Salut, vieille boîte
J’ai vendu ma télé. Pense pas m’en racheter une bientôt. Je vais continuer à regarder des séries sur mon ordi. Là je suis dans Sons of Anarchy. God que c’est bon. J’ai envie de m’acheter une moto, un coat de cuir pis briser des baguettes de pool sur des faces. Mais, ouais, pu de télé. Je me sens comme les anciens quand ils ont tranquillement laissé leur radio pour la boîte à images. Je laisse la télé pour l’ordinateur, la boîte à tout. J’en ai tellement passé du temps devant la télé. Je ne compte pas les heures, c’est indécent. Mais, combien de beaux souvenirs.
Je me souviens de ma première relation d’amour avec une émission. La première émission que j’avais hâte de revoir. Astro le petit robot. Une relation de fidélité, où tu t’ennuies, t’as hâte qu’elle revienne. Tu connais son horaire de passage par cœur, tu te mets beau, tu mets ton plus beau pyjama, verses du jus de raisins dans ton plus beau verre en plastique des Transformers. Une fois par semaine, t’as une date. Vingt-cinq ans plus tard, l’émission change, mais le rituel reste le même, ou presque. Le pyjama a changé pour le jogging, puis le jus de raisin… disons qu’il a fermenté.
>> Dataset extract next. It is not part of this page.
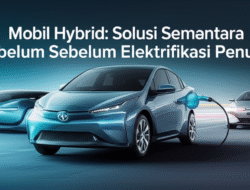 Mobil Hybrid: Solusi Sementara Sebelum Elektrifikasi Penuh?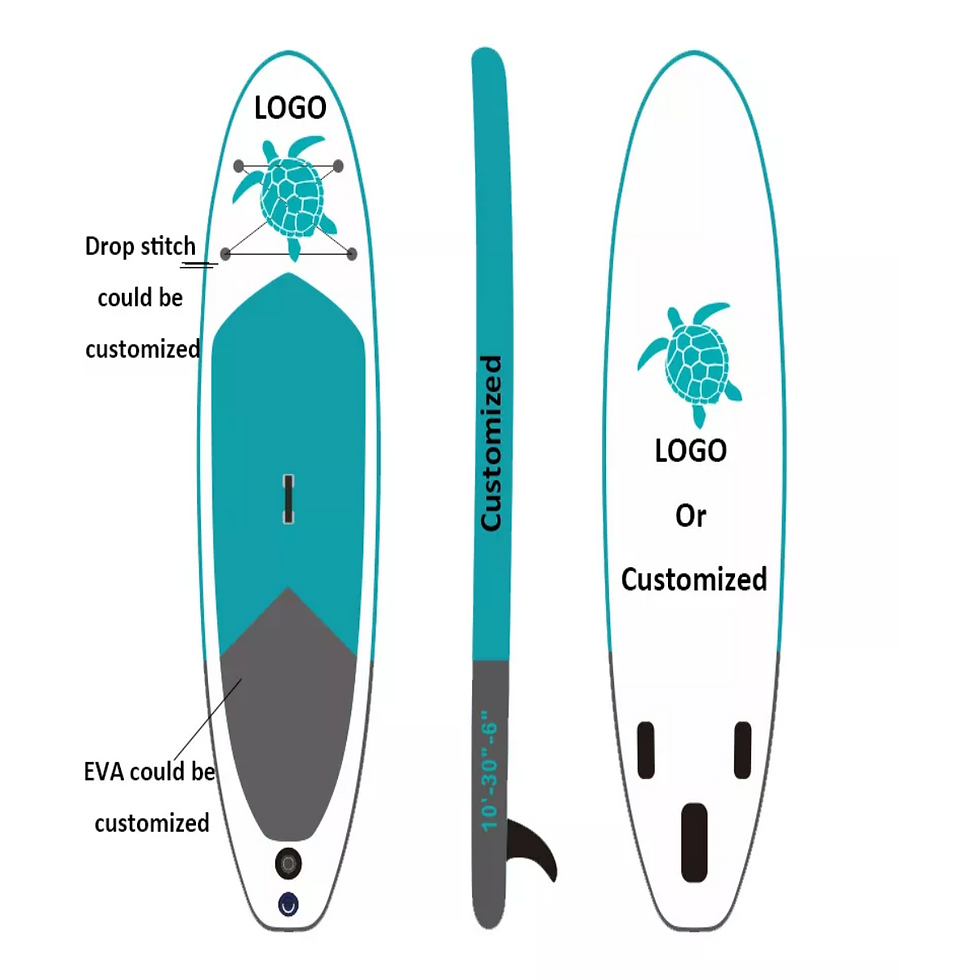 Thumbnail: Inflatable Standup Paddle Board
Je me souviens des films qui ont chamboulé ma vie : Indiana Jones, Les Goonies, Ace Ventura, Le flic de Beverly Hills, la belle Emmanuelle… Je me souviens des films que j’ai commencés, mais jamais finis, parce qu’une demoiselle et moi avions des choses plus urgentes à régler. J’avoue, parfois, mon regard déviait de l’action et allait vers la télé. Écoute, le respect des artisans. Quand même.
Je me souviens du décodeur, des pitons qui faisaient un bruit absurde. J’avais, comme plusieurs, le truc pour «muter» le son des clics. Je pouvais changer de poste entre Radio-Can et Canal famille incognito, sans réveiller personne. Ninja style. Dans le temps où j’étais un expert de la zappette. Je zappais plus vite que mon ombre. Parfois les films ou les émissions se superposaient. J’ai déjà vu Joël Legendre faire du jogging sur un gros melon d’eau, me vendre du Pepsi, en donnant la réplique à Yves Corbeil.
Elle va sûrement me manquer, cette grosse boîte à images. Fidèle compagne. Celle que t’as hâte de retrouver le soir après une longue journée de travail. On le dit et on l’entend souvent : «J’ai juste hâte de rentrer m’effoirer devant la télé!» C’est ça, la télé. Elle ne te juge pas, elle n’a pas besoin de règles de bienséance. Elle ne te demande pas d’être assis, le dos droit, les coudes à côté des coussins. Non, elle te prend comme t’es. Assis, couché, effoiré, couché à terre sur le tapis, nu, habillé. Elle est là pour être regardée et non pour te regarder. Elle s’offre tout entière pour ton plaisir voyeur.
Salut vieille boîte. Merci pour tout. Je vais essayer de bien appliquer ce que tu m’as appris, et si j’en ai la chance, te nourrir, comme tu m’as nourri.